Improved face_image_classification_gender_vit_vs_efficientnet.ipynb by using data augmentation based Albumentations library, added class imbalance plotting and displaying sample images, number of trials for each model is reduced down to 1
Default number of checkpoints kept by PyTorch-Hyperlight in a single-trial model is reduced down to 2
Many packages in MLDev has been updated:
- scikit-learn==0.24.1
- pandas==1.2.1
- numpy==1.20.0
- pip==21.0.1
- ipython==7.20.0
- matplotlib==3.3.4
- tqdm==4.55.1
- captum==0.3.1
- xeus-python==0.10.2
- tensorboard==2.4.1
- papermill==2.3.1
- scikit-image==0.18.1
- notebook==6.2.0
- jupyterlab==3.0.6
- jupyterlab-lsp==3.3.0
- jupyterlab_code_formatter==1.4.3
- ipympl==0.6.3
- pytorch-lightning==1.1.6
- boto3==1.16.63
- psutil==5.8.0
- transformers==4.2.2
- wandb==0.10.17
- pytest==6.2.2
- coverage==5.4
The following packages were downgraded
- pillow==7.2.0 # because gym package requires the older version

Deprecated

Removed

The following packages were temporarily remoted from MLDev
- datasets (as it requires tqdm<4.50)

Fixed

Classifier head was not trained in face_image_classification_gender_vit_vs_efficientnet.ipynb example due to the incorrect classifier head paramter names
Checkpoint file names in 'singe-trial' mode contain confusing prefix and a value of val_loss of the last epoch step. This is fixed by reverting back to the checkpoint naming scheme used by PyTorch Lightning by default.
check_if_rogue_jupyterlab_is_installed.sh script in MLDev silently crashes when JupyterLab version doesn't match the expected version

[0.2.4] - 2021-01-29

Fixed

"torch" pipy package was referred to as pytorch in requirements.txt which results in failure to install pytorch_hyperlight via pip

[0.2.3] - 2021-01-29

Added

a jupyter notebook example that compares Vision Transformer and EfficientNet for image classification (facial images, gender prediction)
NSTImageOrPathDataLoader capable of downloading images from 3 different sources transparently: s3, http and local filesystem
plain_simple_nst.ipynb example capable of downloading both content and style images from either s3 or via http or from local paths and uploading the styled image back to s3/local path. It also works with local paths
a few auxilary functions that makes it possible with download images from s3/http/local path and upload them to s3/local path
image_loading_sync_sizes.ipynb example demonstraing the image loading with automatic cropping and resizing for Neural Style Transfer
boto3, validators, pytorch, torchvision dependencies for pytorch_hyperlight
boto3 dependency for jupyter-mldev
missing license headers to the newly added files
execute permissions for the shell scripts for building and uploading the pip package
the proper CHANGELOG.md

Changed

multy_style_nst.ipynb is made even more compact by using the higher-level NST DataLoader capable or downloading images directly from both http and s3 urls

Fixed

Fixed: style images are not resized correctly when they are larger than content images

[0.2.2] - 2021-01-28

PyTorch-Hyperlight

Added

a new higher-level image file data loader class for NST called "NSTImageFileDataLoader" is placed into tasks.nst.py package.
new utility functions for loading and showing image tensors in utils.image_utils package and download_urls function in utils.request_utils.py
requests and pillow are now dependencies for both pytorch_hyperlight
n_steps_per_epoch parameter in hparams calculated by Runner class and provided to PyTorch Lightning modules automatically

Changed:

multi_style_nst.ipynb is made much more lightweight as it now uses the classes from nst.py package.
pytorch-lightning minimal version is set to 1.1.5 in requirements.txt (as in this version introduced the important fixes to the progress)

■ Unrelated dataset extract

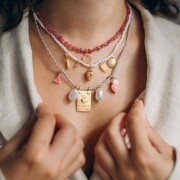 2.5mm braided cotton cord - made in France - Multi Bleu - Rose Gold x1m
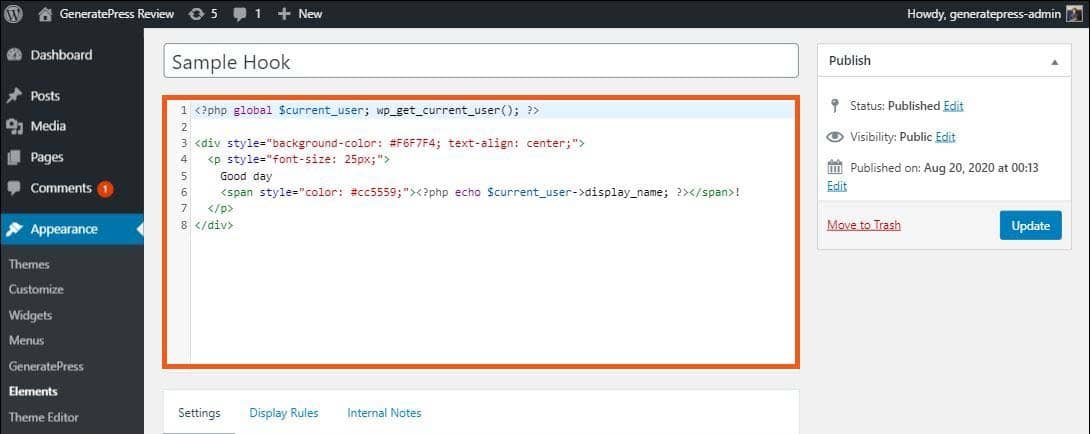 GeneratePress - features and functionalities - hooks element - add new hooks element - html, css, javascript, php code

JupyterLab-based MLDev environment

Added

new dependencies: requests, pillow, kaggle cli and pytorch-pretrained-vit

[0.2.1] - 2021-01-21

PyTorch-Hyperlight

Added

Progress bar displayed by Runner now features an integrated metrics plotting which makes it unnecessary to call show_report() by hand once the training/validation loop is finished
Added a multi-style neural style transfer example
Added a notebook that runs all the examples. Useful for automating re-running the examples after the major changes.

Changed:

Text logs with current metrics values are only displayed when PyTorch-Hyperlight is used from console. Within the JupyterLab the metrics log messages are replaced with the dynamic plotting integrated with the progress bar
The happy path test for the example notebooks now scans the example folder and runs all the notebooks it finds (except for those with name that starts with "_" ).

Fixed

Training and validation metrics were displayed even on test and revalidation stages inside the dataframes, sometimes this breaks the plotting as well.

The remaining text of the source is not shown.